Work request> Leaving the pictures aside, return all of the data below exactly.

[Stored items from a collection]
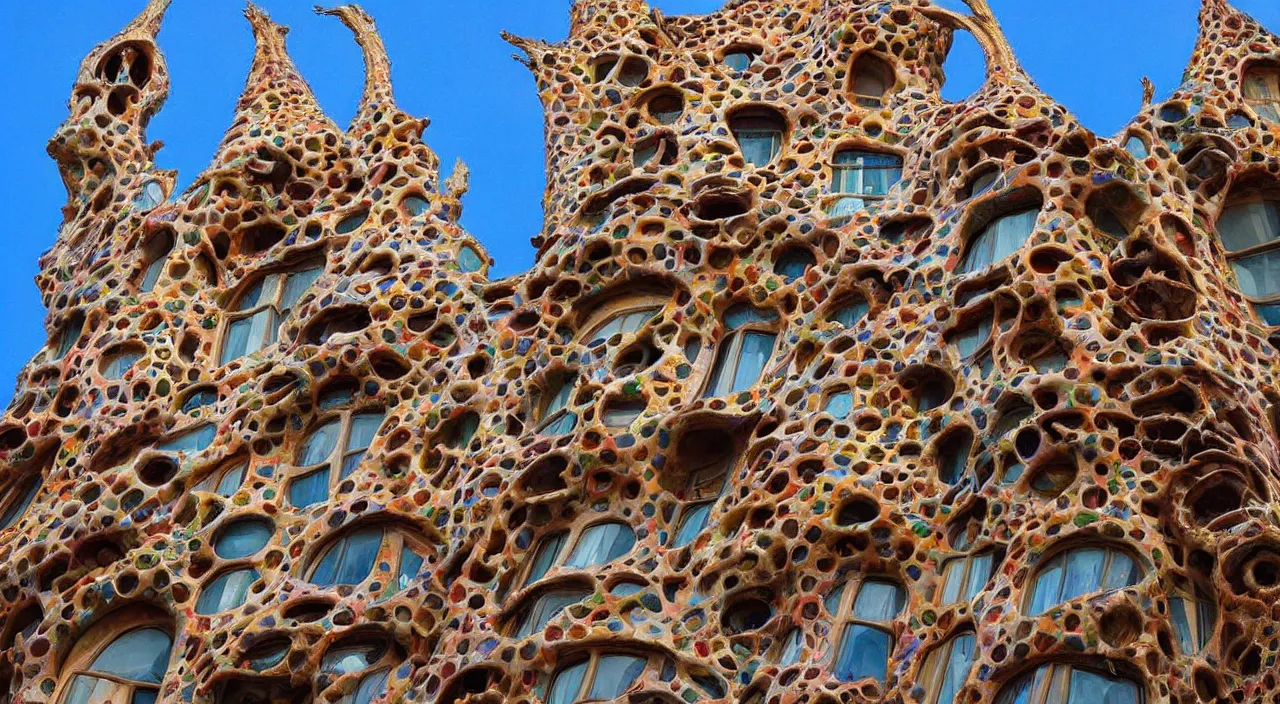 Prompt: “a voluptuous and surrealist woman by Gaudí is a incredibile building like an sculpture, hyperdetailed photorealism”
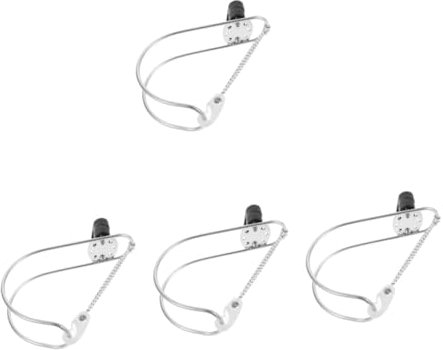 SUPVOX 4 Piezas Soporte de de Vida Accesorios para caña de Pescar Bote Llave Soporte de aro Salvavidas para yate Soporte Salvavidas de Acero Inoxidable el plastico Silver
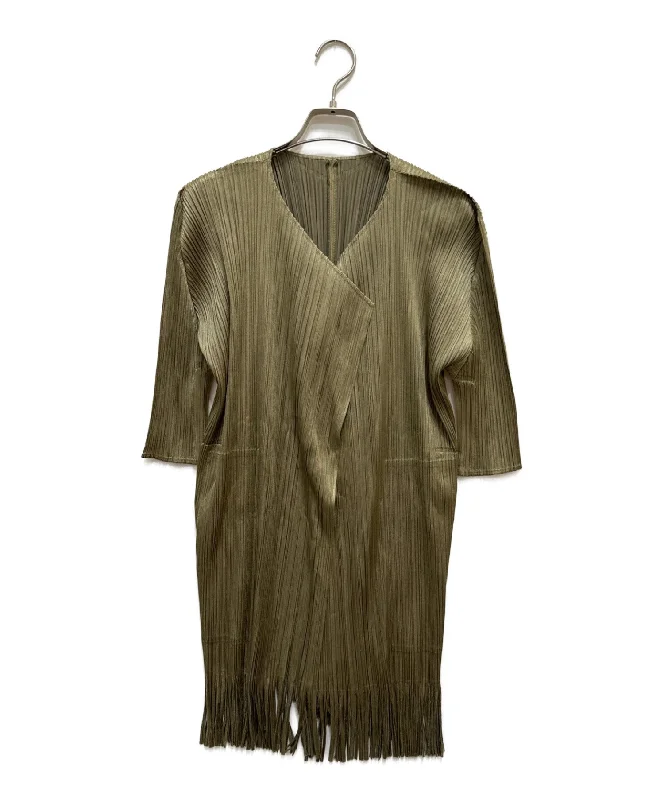 [Pre-owned] PLEATS PLEASE Fringe Pleated Cardigan PP83-JA613 Zippered Front Buttoned Front Snap Front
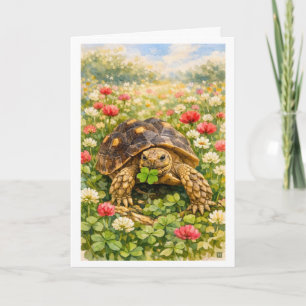 Carte Tortue d'anniversaire joyeux aquarelle avec trèfle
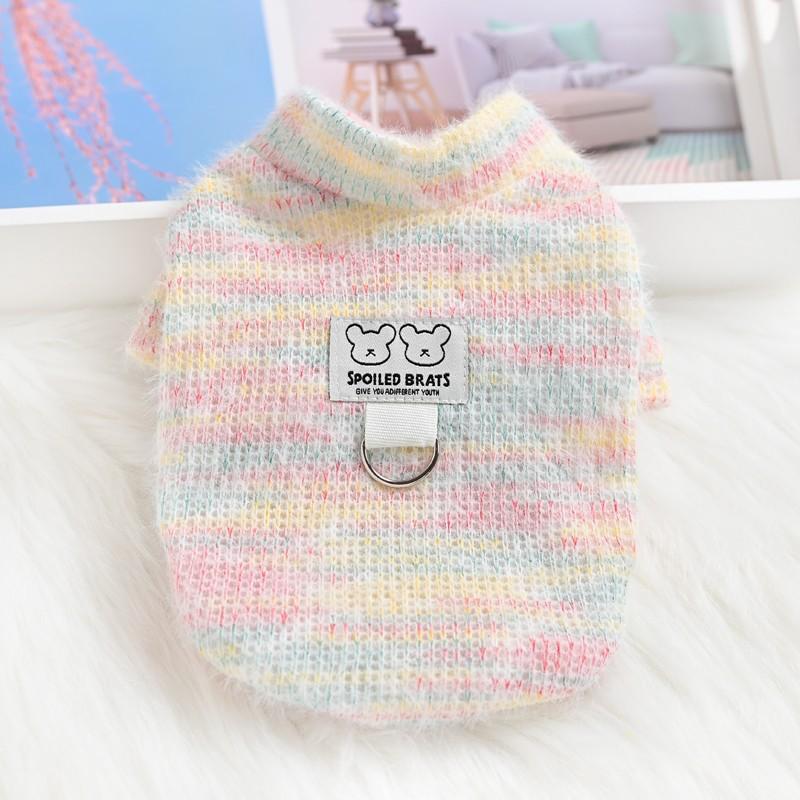 Pet cat small dog teddy dog clothes autumn and winter warm rainbow knitted sweater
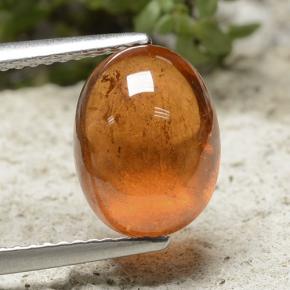 Granada espessartita laranja natural 5,74ct, corte oval, translúcido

Solution for this exercise>
 Prompt: “a voluptuous and surrealist woman by Gaudí is a incredibile building like an sculpture, hyperdetailed photorealism”
 SUPVOX 4 Piezas Soporte de de Vida Accesorios para caña de Pescar Bote Llave Soporte de aro Salvavidas para yate Soporte Salvavidas de Acero Inoxidable el plastico Silver
 [Pre-owned] PLEATS PLEASE Fringe Pleated Cardigan PP83-JA613 Zippered Front Buttoned Front Snap Front
 Carte Tortue d'anniversaire joyeux aquarelle avec trèfle
 Pet cat small dog teddy dog clothes autumn and winter warm rainbow knitted sweater
 Granada espessartita laranja natural 5,74ct, corte oval, translúcido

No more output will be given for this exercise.